Historia de la pimienta y del error holandés

Estamos en el último piso de un restaurant de Vinegar Hill, la punta meridional de la bahía de Manhattan se recorta al frente nuestro.

Aquí se cena tan temprano que aún hay unos rayos de sol tiñendo de anaranjado el río, sobre el que resaltan los ladrillos rojos del puente de Brooklyn.

Nos han traído un par de gruesos y jugosos roast beef; Mercedes le pide pimienta a la mesera, haciendo sonar fuerte la doble “p” de la palabra inglesa. “Quizás si los holandeses no hubieran sido tan cortos de miras, estaríamos pidiendo pimienta en neerlandés y no deberías esforzarte tanto en la pronunciación de la doble ‘p’”, le digo.

Me mira, esperando una aclaración coherente a un comentario tan enredado. “La pimienta fue el objeto más preciado del comercio durante más de dos mil años –le cuento, mientras sazonamos abundantemente nuestros bifes con el polvillo picante-, desde los romanos. Desde los puertos del imperio confluían en la egipcia Alejandría, remontaban el Nilo hasta Tebas, cruzaban a pie el desierto hasta el Mar Rojo, se subían a unas pesadas naves a velas y cruzaban a través de todo el Océano Índico para llegar a las costas de Malabar. Así, durante un milenio y medio.

Los portugueses, buscando la misma pimienta, le dieron toda la vuelta a África, y Colón, por el mismo motivo, buscando una ruta hacia la especiería se topó con esta América en el medio. Finalmente salieron los holandeses y los británicos a conquistar alternativas de la misma ruta y llevar el preciado granito negro –que cotizaba aún más que el oro- a las mesas europeas. Pero ya no había tantas rutas…

Los holandeses fundaron aquí, en Manhattan, Nueva Ámsterdam, y varias colonias en la ruta que cruzaba por las islas polinesias, que entonces llamaban las Indias Orientales; los ingleses hicieron lo mismo, y comenzaron las guerras anglo-holandesas, que bien podrían haberse llamado las “guerras de la pimienta” y que ocuparon buena parte del siglo XVII.

Cuando se firma la paz de Breda, los holandeses –que iban ganando la guerra- imponen su criterio: le entregan Nueva Ámsterdam a los ingleses, a condición de que éstos renuncien a ocupar colonias en la ruta samoana de la pimienta.

Los británicos aceptan, y le cambian el nombre a la ciudad: la llaman New York.

Al poco tiempo la pimienta cayó en desgracia, ya había demasiados países que la comerciaban y el exceso de oferta hizo bajar los precios.
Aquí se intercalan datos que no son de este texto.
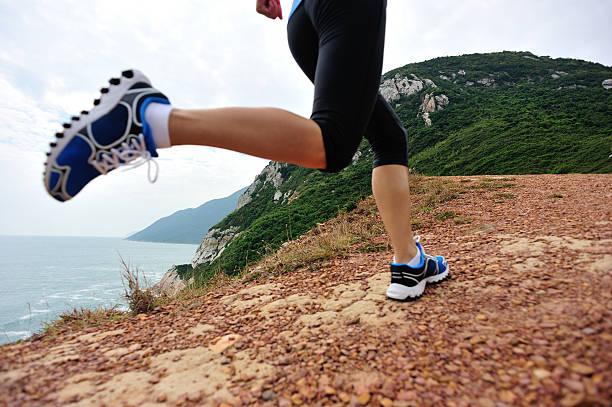 runner legs running on seaside mountain trail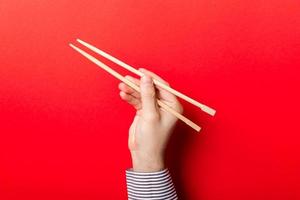 Die Hand des Jungen zeigt Essstäbchen auf rotem Hintergrund. asiatisches küchenkonzept mit leerem raum für ihr design foto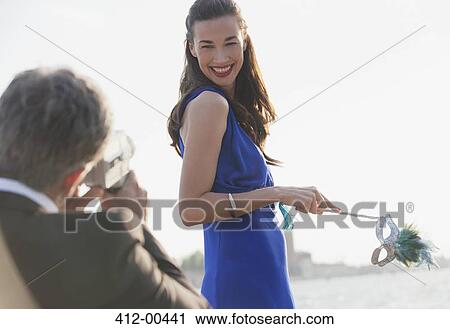 Man filming smiling woman holding mask at waterfront View Large Photo Image Stock Image - Man filming smiling woman holding mask at waterfront. Fotosearch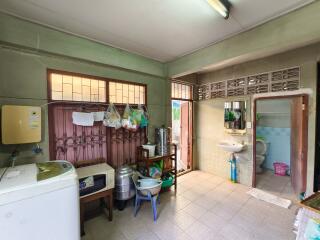 Spacious kitchen area with appliances and free-standing sink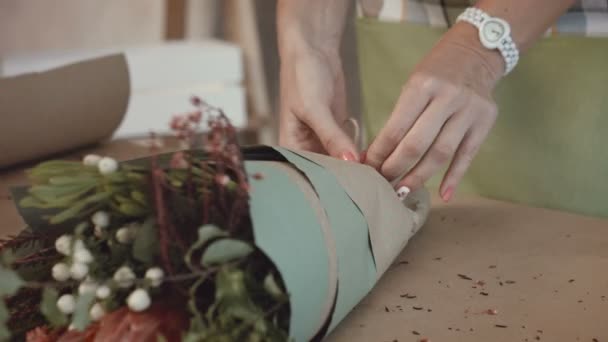 Florist verpackt festlichen Strauß in Packpapier — Stockvideo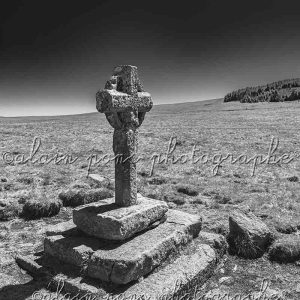 Photographie de la croix de la Rode, en Lozère, Aubrac. En noir et blanc très contrasté.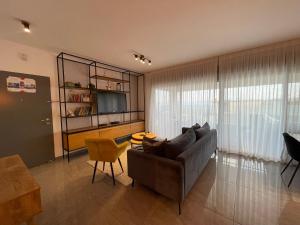 a living room with a couch and a television at סי כנרת- דירות עם בריכה פרטית מבית בלו מגדל in Migdal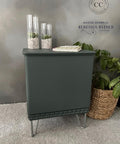 Bluish gray cabinet transformation with metal feet. Staged with two clear tall vases containing pebbles and faux succulents and a cookbook placed on top.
La ruta de las Indias Orientales dejó de ser estratégica, y New York –en cambio- siguió su camino hasta convertirse en la nueva Roma de nuestro tiempo…”

Ahora sí ya es de noche, caminamos por la ribera oriental del Hudson y yo voy recitándole a Mercedes el soneto “Aquel error holandés”:

En las costas indias de Malabarra,
una perla verde, ya ennegrecida
al solaz meridional de la tierra,
las delicias de la mesa tendida

hace desde Europa al cielo más nuevo.
La pimienta negra todo mar cruza:
Índico, Pacífico y Ordo Novo;
llama el Mediterráneo, su brisa,

y hacia allá acude, todos la disfrutan.
Enloquece los mercados de Londres
y la flota de la Reina trae odres.

Los marinos de Holanda la disputan,
ceden New Ámsterdam por ella, ¡bad work!
La pimienta pasa. Queda New York.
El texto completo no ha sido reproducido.